The Death of Marcus Aurelius

The Death of Marcus Aurelius

Tuesday, July 7, 2020

Musonius Rufus, Lectures 11.10


For of the true lovers of philosophy, there is not one who would not be willing to live with a good man in the country, even if the place be very rude, since he would be bound to profit greatly from this sojourn by living with his teacher night and day, by being away from the evils of the city, which are an obstacle to the study of philosophy, and from the fact that his conduct, whether good or bad, cannot escape observation—a great advantage to those who are learning.

Would living on a farm help me to build up my professional standing? Would it look good on my resumé?

Would working a field benefit my social life? Would it improve my networking connections?

Would milking a cow assure that I be made a partner or earn tenure in a few years? Would it allow me more flexibility when seeking future opportunities for employment?

No, a life of agriculture would probably do none of these things, though life will sometimes throw me for a loop, so I can never really know. The more important question, however, is why I would even aspire to such shallow goals to begin with?

Helpful and unassuming tasks assist the soul in forging its own utility and humility.
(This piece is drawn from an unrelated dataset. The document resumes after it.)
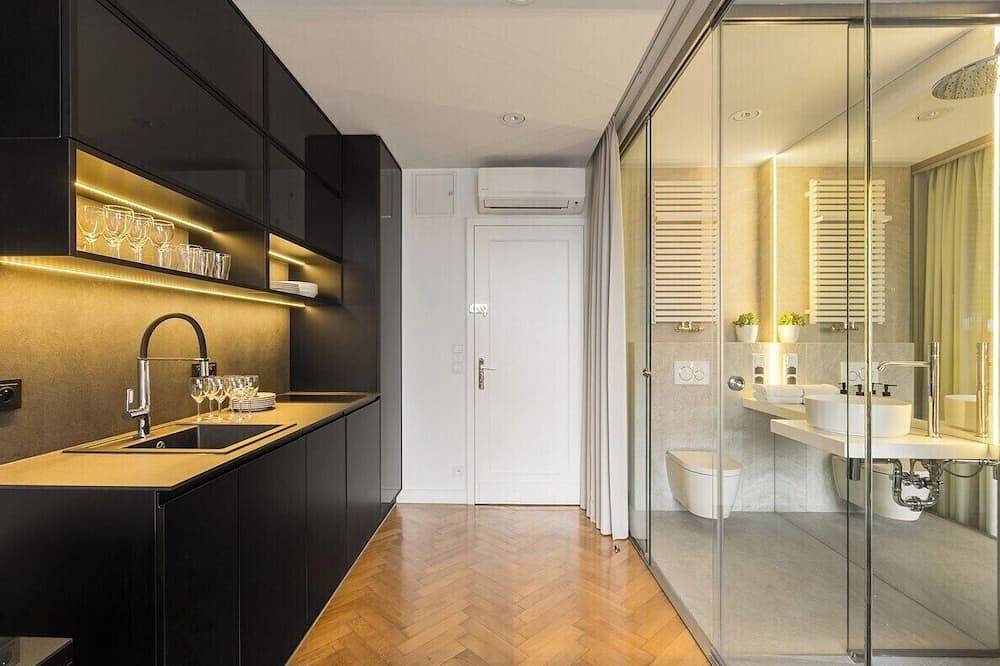 Ganze Wohnung, Studio Feniks Exceptional with terrace in Krakau, Kleinpolen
The place does not need to be grand, and the profit does not need to bring me luxury, and the company does not need to give me status. If I care for the quality of my humanity, I will find a total contentment in the cultivation of my character.

“Well, that’s just naïve. You can’t be a good person unless you first have the means for buying what you need to be a good person.”

Did you really just say that? What must be bought? What is needed beyond reason and choice? This is what makes the Stoic distinct from the slave to circumstances.

“Why would you want to live with your teacher in any event? It’s annoying enough that you need to see him for three or four hours a week. That’s sufficient to get you a brilliant letter of recommendation, and for him putting in a good word with the folks doing the hiring.”

If I can’t bear to be with him, how is he worthy to be my teacher, or how am I worthy to be his student? Is a teacher someone who will help me to shape myself in all things, or is he just an accessory to my own vanity?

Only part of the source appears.